Nostalgie? Aber kritisch!
Viele Autor:innen post-jugoslawischer Literatur eignen sich einen nostalgischen Ton an, sie schreiben über „Yugoslavia as the (golden) past” (S. 36). Obwohl verständlich, weist diese Art der Erzählung aber auch Lücken und Risse auf – welche laut Matijević die serbisch-ungarische Autorin IIdiko Lovas durch eine kritische Nostalgie zu füllen versucht. In Kurzgeschichten wie Via del Corso I versucht sie „between the nostalgic remembering, the ambivalence of the lived experience and finally the critical reproaching of both Yugoslav and Post-Yugoslav times” (S. 37) zu vermitteln und gelangt damit an einem Punkt, an dem eine kritische Rückbesinnung mit einer Infragestellung eines mythischen sozialistischen Jugoslawiens einhergeht.Nichtsdestotrotz darf man auch nicht vergessen, dass das wichtigste Segment jeder Nostalgie auch eine Utopie ist. Denn, und dies kommt laut Matijević bei Autor:innen wie Lovas zum Tragen, es geht bei einer Trauer um das verlorene Land meist nicht um den Staat per se, sondern um das Aufgeben der utopisch-humanistischen Vision des jugoslawischen Sozialismus. Vor allen Dingen geht es um diese aufgegebene und zusammengebrochene Vision, die Menschen in eine nostalgische Gefühlslage bringt. Bei diesen Emotionen und Umgangsformen handelt es sich aber weniger – so Matijević – um ein einfaches Streben nach der Wiederherstellung eines vereinten und sozialistischen Jugoslawiens. Der Dreh- und Angelpunkt bildet eine bereits in Grundzügen dagewesene gemeinschaftliche Praxis hin zu einer gerechteren Welt.

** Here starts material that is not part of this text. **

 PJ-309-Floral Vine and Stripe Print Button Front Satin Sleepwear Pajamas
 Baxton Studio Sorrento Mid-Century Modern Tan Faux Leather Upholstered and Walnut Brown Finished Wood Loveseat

Post-jugoslawische Literatur als historische Praxis
Einer der wichtigsten Punkte des Buches verbirgt sich ganz zum Schluss, nämlich, dass das Schreiben eine Art der historischen Praxis sein kann, bei der die Vergangenheit einen Platz in der Gegenwart erhält. Mit Blick auf ihre Analyse und die (post-)jugoslawische Literatur kommt Matijević zu dem Schluss: „It is literature always in search and becoming, like its protagonists of unfinished and undecided identities, the decentered and different” (S. 255). Hierbei ist trotz der Unmöglichkeit und Unvollendbarkeit die Selbstbestimmung relevant, denn „Post-Yugoslavia and post-Yugoslav literature are about a mentioned choosing of an optimal variant, or a self-determination of historical lags in which we would like to be inscribed” (ebd.).„From Post-Yugoslavia to the Female Continent” ist ein Buch voller detaillierter Beschreibungen und Analysen, welche von hoher Relevanz für den Umgang Post-Jugoslawiens mit der Vergangenheit, Gegenwart und Zukunft sind. Eine aufschlussreiche Lektüre für Menschen, denen es nicht um leichte und vorgefertigte Antworten geht.